Numa coisa vocês têm razão: ninguém quer levantar ondas para não criar problemas generalizados. É por isso que são poucos os jogadores que renunciam às selecções, e é por isso que as federações aceitam esses casos excepcionais. Mas só aceitam precisamente porque são excepções, pois se se tronassem regra de certeza que as federações e a FIFA se mexiam. Imaginem que o Manchester City ou o PSG davam um chorudo bónus salarial aos seus jogadores para eles renunciarem às seleções; acham mesmo que a FIFA, a UEFA e as federações iam ficar quietas???
Por fim, a questão do jogador ir fazer o frete à federação para não ser mais convocado e não ser punido por isso. Tenho a certeza que há muitos que já o fazem! Quantos jogadores nunca fizeram na selecção nenhum jogo tão bom como os que fazem nos seus clubes? Mas isso fica para a dignidade profissional de cada um...
RPO.CASTRO, respondendo à tua pergunta "Então a FPF também não pode escrever o que lhe apetece que passa a ser lei acima de todas as outras?".
Obviamente que nenhuma entidade privada pode ter regulamentos que contrariem as leis nacionais. A Igreja não tem e a FPF também não tem. Mas onde está a lei que diz que os jogadores não podem ser obrigados a ir à selecção? Onde está a lei a dizer que a FPF tem de garantir a quem quiser o exercício da actividade de futebolista? Onde está a lei a dizer que a FPF não pode punir como entender os jogadores que não cumprem as suas regras? Bem sei que sabes que não há, e que te estás a escudar nos direitos, liberdades e garantias constitucionais. Mas esses direitos são renunciáveis pelo próprio. É o que os futebolistas fazem quando se inscrevem na FIFA (e os padres...).

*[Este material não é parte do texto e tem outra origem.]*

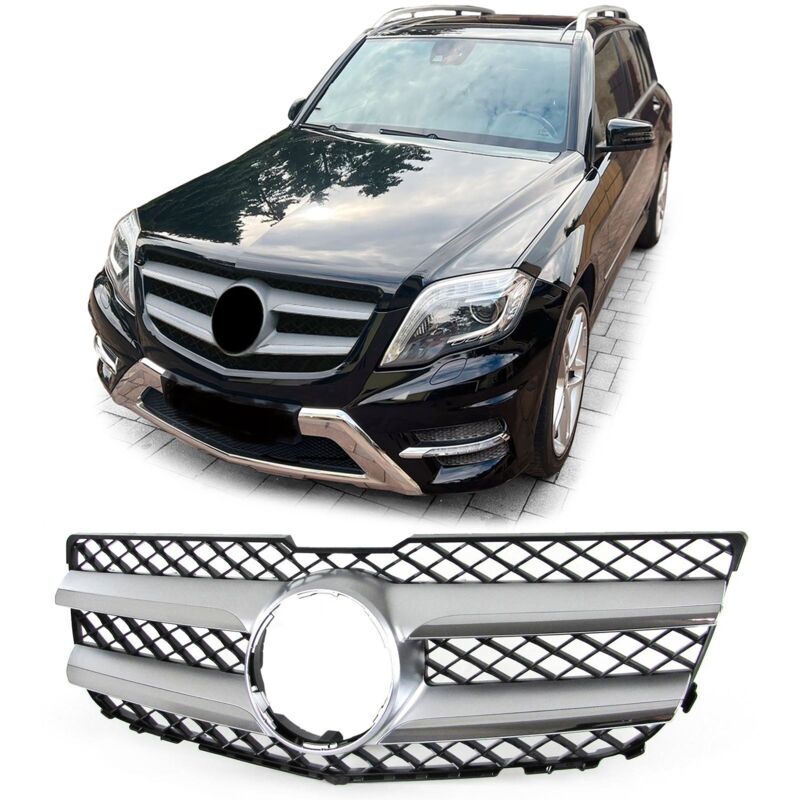 Calandre de voiture - Mercedes glk X204 12-15 - Optique sport - Noir Argent Chrome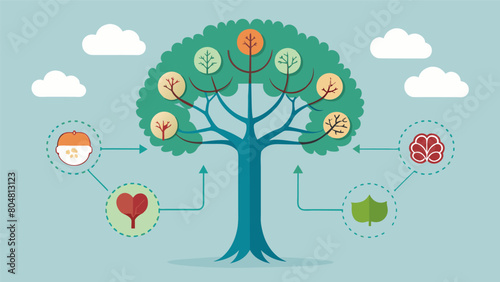 A diagram of a tree with roots labeled as different mental health conditions and branches showing the fruits of support knowledge and resilience. Vector illustration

Concluindo: sei que não vou convencer ninguém, mas eu tenho a certeza que os regulamentos prescrevem a obrigatoriedade dos jogadores de futebol representarem as selecções (aliás, houve programas televisivos que falaram do "caso Rafa" que afloraram essa questão, mas como ninguém percebe muito de regulamentos, só de bitaites, nunca foram ao fundo do assunto). Penso que tal obrigatoriedade é legal e que, embora isso não possa obviamente garantir, dificilmente um tribunal iria contrariar a vontade do próprio jogador que auto-limitou a sua liberdade de escolha. Aceito que, para não levantar ondas, nem os jogadores abusam nas renúncias às selecções nem a FIFA e as federações se impõem nos (poucos) casos que há. Mas acredito que, se o número de renúncias aumentasse muito, a FIFA e as federações reagiriam.
(NOTA: o caso de Saltillo também não tem nada a ver com isto! Pelo contrário, até é um exemplo de imposição por parte da FPF: os jogadores tiveram um comportamento que a federação considerou incorrecto e foram todos punidos. Os jogadores não renunciaram, pelo contrário, foram impedidos de ir à selecção; entretanto alguns pediram desculpa e voltaram, mas os que nunca pediram desculpa nunca mais voltaram. Ou seja, foram punidos pela federação, não renunciaram).